On ne peut pas dire que le rap français se soit touché la schneck en 2015. Y’en a eu pour tous les goûts et tous les styles, jeunes pédés parisiens, gratteurs de murs, amis intimes de la fonte, étudiants en Lettres à l’âme pure, scélérats…Va falloir ressortir la palabre que tes rappeurs préférés détestent : la relève. 

C’est magique avec la relève, dès qu’on l’invoque, elle disparaît. Dans la folle histoire du rap français, à chaque génération, des successeurs évaporés. Jeunes espoirs déchus, espérances déçues. Ou l’inverse, ma gueule. Toujours est-il qu’en cette année de merde de plus en France, le rap s’est bien porté, si on estime que l’hyperactivité témoigne de la bonne santé d’un courant musical. De Paris à Marseille, de Grenoble (38 represent) à Aubagne et la « province », les jeunes rappeurs se sont escrimés à sortir des projets. C’est frais, souvent novateur, et servi sans préliminaire, avec l’arrogance maladroite du nouveau venu prêt à en découdre.

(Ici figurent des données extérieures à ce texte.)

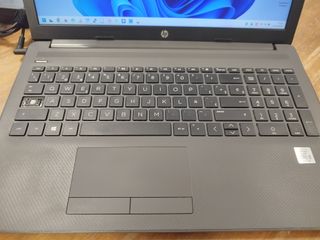 Portátil HP 250 G7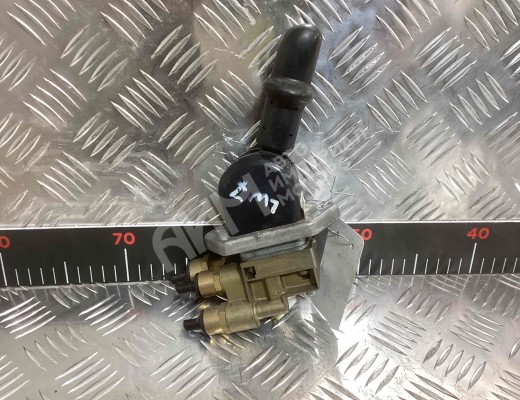 Кран ручного тормоза Renault Premium II 2006-2013  Renault Premium Premium II 2006-2013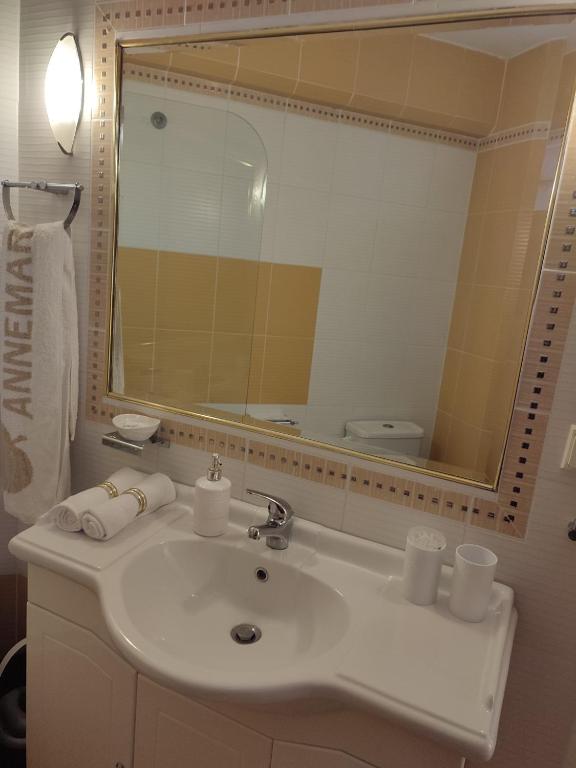 Studio Apollonia - 17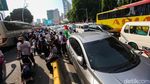 Gambir Sempat Macet Imbas Aksi Pro Palestina, Bule-Motor Tembus Kerumunan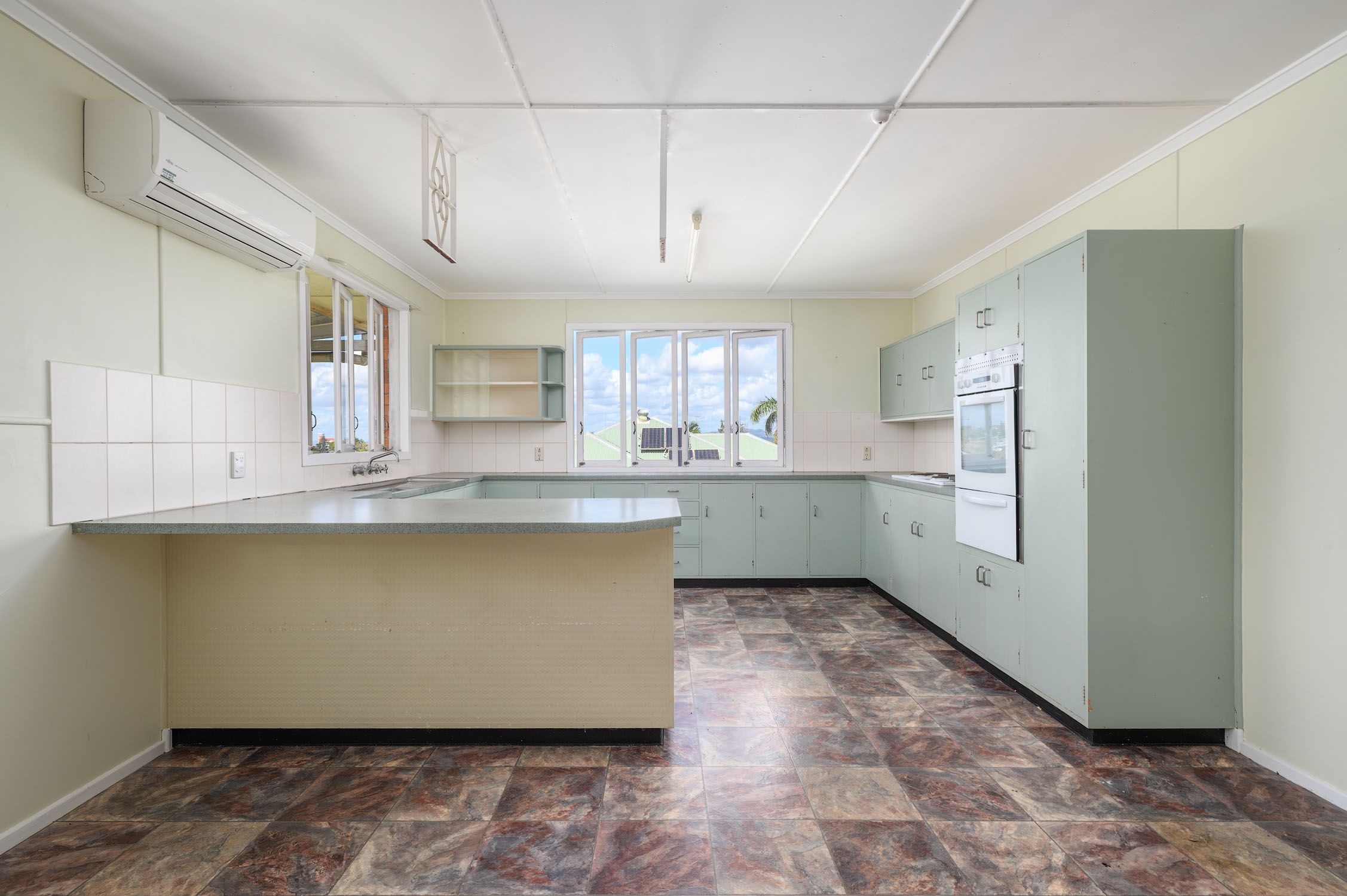 47 Lawrence Street — photo 7 of 26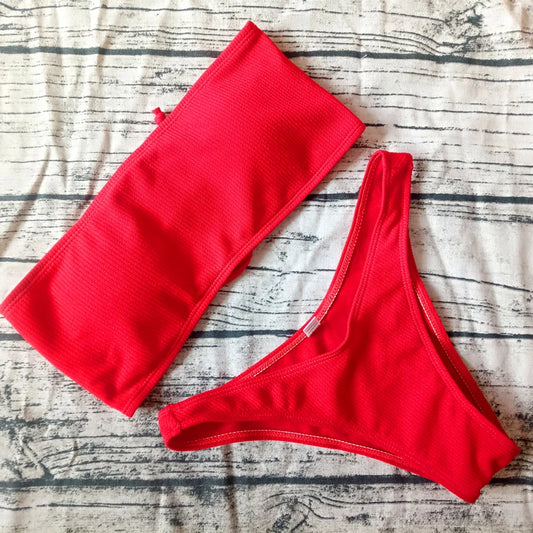 Jednofarebné off-shoulder bikiny – jednoduchý a sexi brazílsky štýl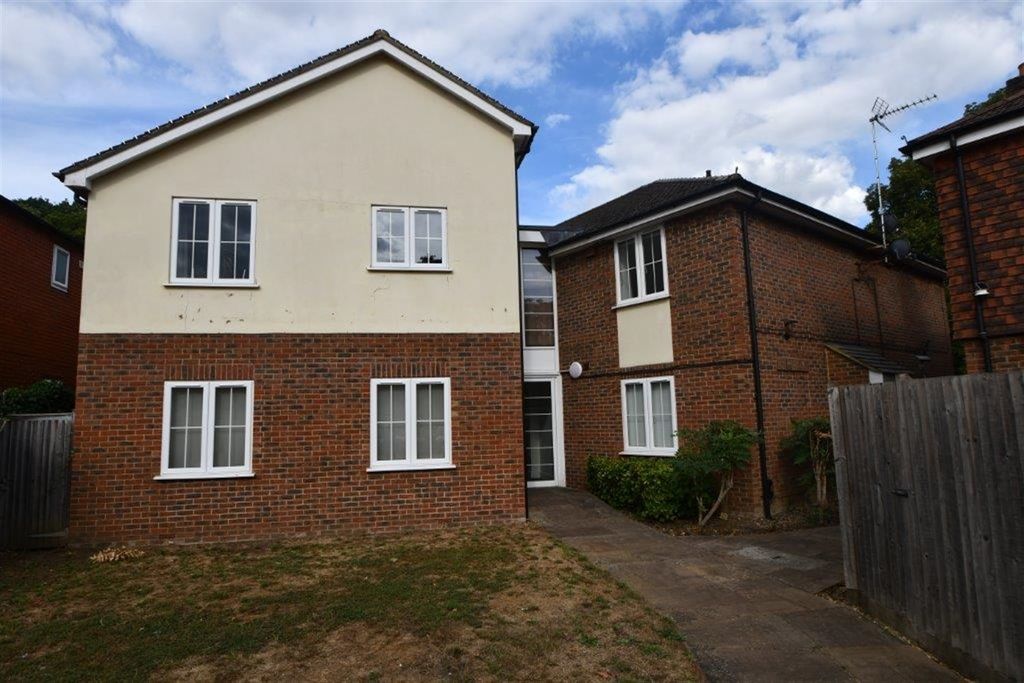Property photo 1 of 8 (Main)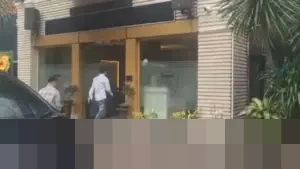 Richard Lee Diperiksa sebagai Tersangka di Polda Metro Jaya, Soroti ‘Privilege’ Mobil Masuk Gedung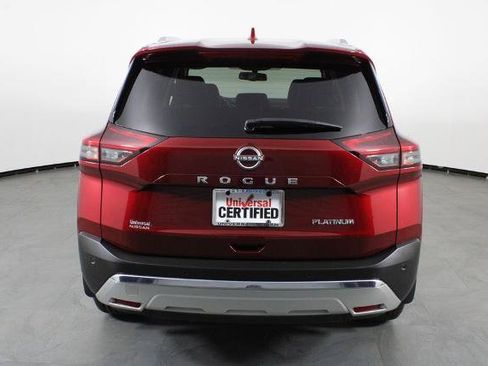 Certified 2023 Nissan Rogue Platinum w/ Platinum Premium Package FWD image 11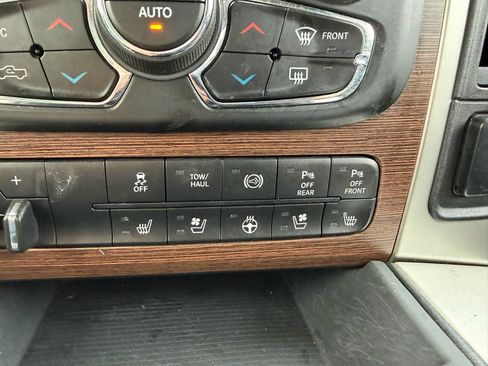 Used 2017 RAM 3500 Laramie w/ Sport Appearance Group image 16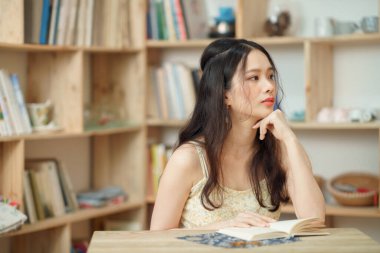 Kız çalışma odasında okuyor.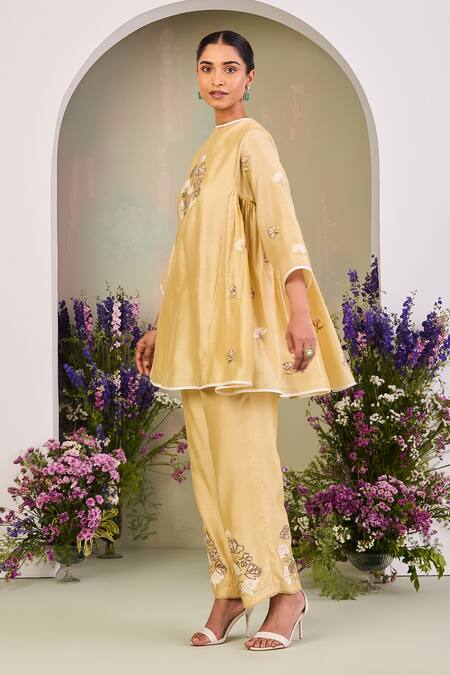 Sue Mue_Yellow Silk, Embroidery Round Neck Pastel Floral Kurta Set _Online_at_Aza_Fashions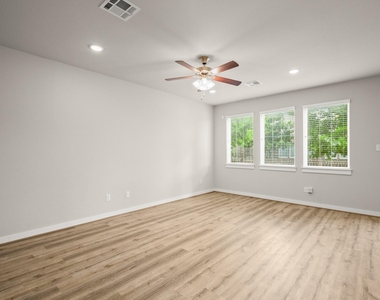 602 Caterpillar St - Photo Thumbnail 8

Au-delà du grand nombre de sorties, d’autres facteurs nous poussent à croire qu’en 2015, le rap français a basculé dans une nouvelle ère. Fini les hommages un peu trop appuyés aux boucles à l’ancienne. Les jeunes loups responsables de ce changement, bien qu’influencés par certains prédécesseurs, se sont cette fois-ci affranchis du poids de l’héritage des aînés, assumant sans complexe leurs extravagances (Niska ne révélait-il pas récemment n’avoir jamais écouté NTM ?).

Cette originalité, exprimée à travers le son – et plus que jamais l’image –, ne prend plus uniquement les attributs d’une prouesse technique, contrairement à l’école récente de l’Entourage. Aujourd’hui, elle fait parfaitement écho à l’époque actuelle, où l’on bascule inlassablement entre spleen post-2001 et volonté de se divertir. En résulte un rap français en prise avec son époque, ses préoccupations et ses inquiétudes ; un rap qui, sous influence américaine, a préféré rendre éloquente la forme plutôt que le fond. Ici, les lyrics ne disent rien d’autre que la banalité de l’existence. Seul l’habillage sonore est là pour témoigner, sans prise de position forte, forcément, mais par le biais d’un vrai parti pris artistique.

Face à cette nouvelle donne, le public ne s’est pas trompé et la rue a repris ses droits. Ce rap, plébiscité sans avoir de premiers albums d’importance à son actif – ou, au contraire, décrié par les défenseurs d’un « vrai rap » fantasmé qui n’a aujourd’hui plus lieu d’être – , a quitté les bancs de la fac pour réintégrer sa première demeure : l’asphalte.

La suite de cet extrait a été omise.